Equation of Tangents: Finding Two Tangents to an Ellipse from a Point (5,2)

[smart_worker]

Homework Statement

Find the equations of the two tangents that can be drawn from
the point (5, 2) to the ellipse 2x² + 7y² = 14

Homework Equations

2x² + 7y² = 14
differentiating we get slope = -2x/7y

The Attempt at a Solution

y = slope(x)+c
y = -2x²/7y +c

when we plug in x and y we get c=39/7

so 5x+7y=39 is coming as answer

but it seems to be wrong.the questions says there has to be two tangents but how?

can someone please explain this?

x − y = 3 and x − 9y + 13 = 0.

puzzled i don't know how

 

[SteamKing]

Draw a circle. Put a point somewhere outside the circle. How many tangents to the circle can you draw which pass thru the point outside the circle?

 

[Mark44]

Homework Statement

Find the equations of the two tangents that can be drawn from
the point (5, 2) to the ellipse 2x² + 7y² = 14

Homework Equations

2x² + 7y² = 14
differentiating we get slope = -2x/7y

This is the slope at a point on the ellipse, not at the given point (5, 2). If you sketch the ellipse you'll see that there are two points that have tangents that go to (5, 2).

The Attempt at a Solution

y = slope(x)+c
y = -2x²/7y +c

when we plug in x and y we get c=39/7

so 5x+7y=39 is coming as answer

but it seems to be wrong.the questions says there has to be two tangents but how?

can someone please explain this?

x − y = 3 and x − 9y + 13 = 0.

puzzled i don't know how

Since the question involves calculus I have moved it to the Calculus & Beyond section.

 

[smart_worker]

This is the slope at a point on the ellipse, not at the given point (5, 2). If you sketch the ellipse you'll see that there are two points that have tangents that go to (5, 2).

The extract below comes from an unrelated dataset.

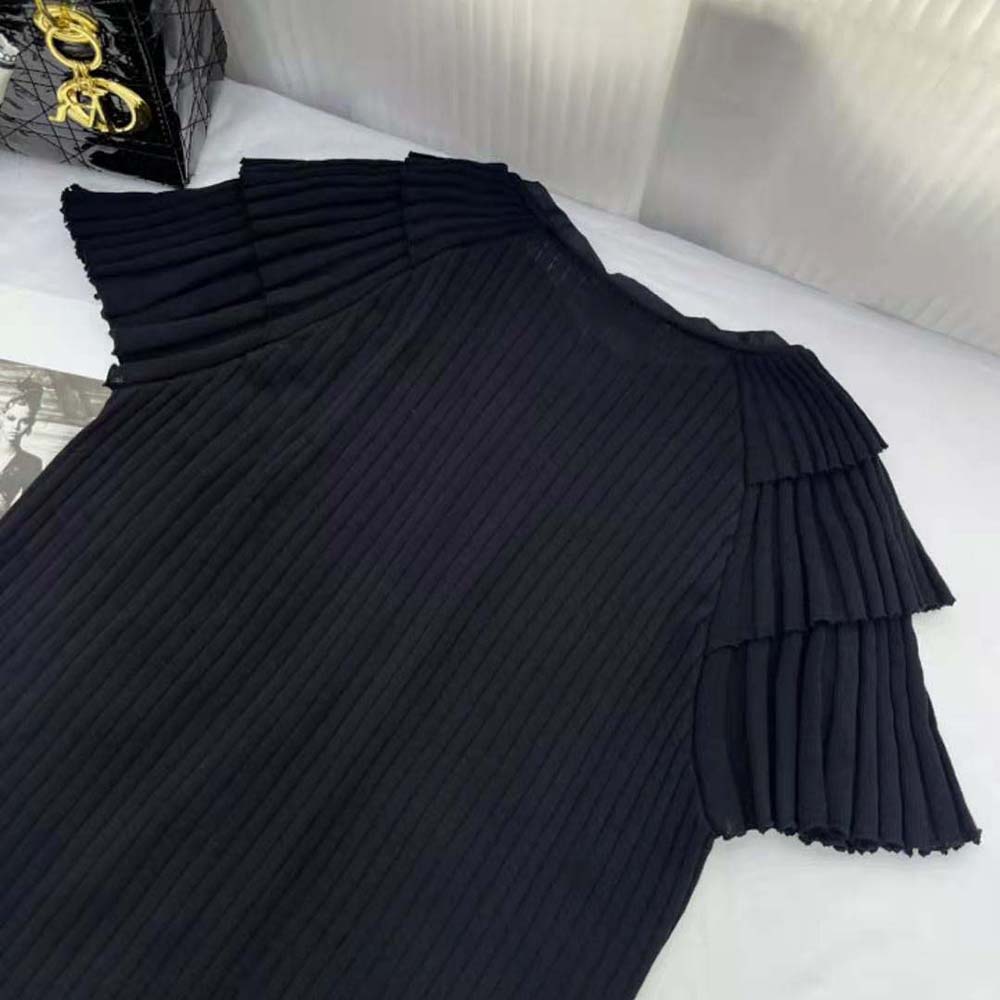 Dior Women Frilled Top Black Linen Knit - image 7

ok but now,what should i do to solve this?

 

[Mark44]

Any point on the ellipse has coordinates (x, $\pm \sqrt{2 - (2/7)x^2}$). Write an expression for the slope between a point on the ellipse and (5, 2), and set it equal to the slope you already found. You should get two x values.

 

[vela]

Homework Statement

Find the equations of the two tangents that can be drawn from
the point (5, 2) to the ellipse 2x² + 7y² = 14

Homework Equations

2x² + 7y² = 14
differentiating we get slope = -2x/7y

The Attempt at a Solution

y = slope(x)+c
y = -2x²/7y +c

when we plug in x and y we get c=39/7

so 5x+7y=39 is coming as answer

but it seems to be wrong.the questions says there has to be two tangents but how?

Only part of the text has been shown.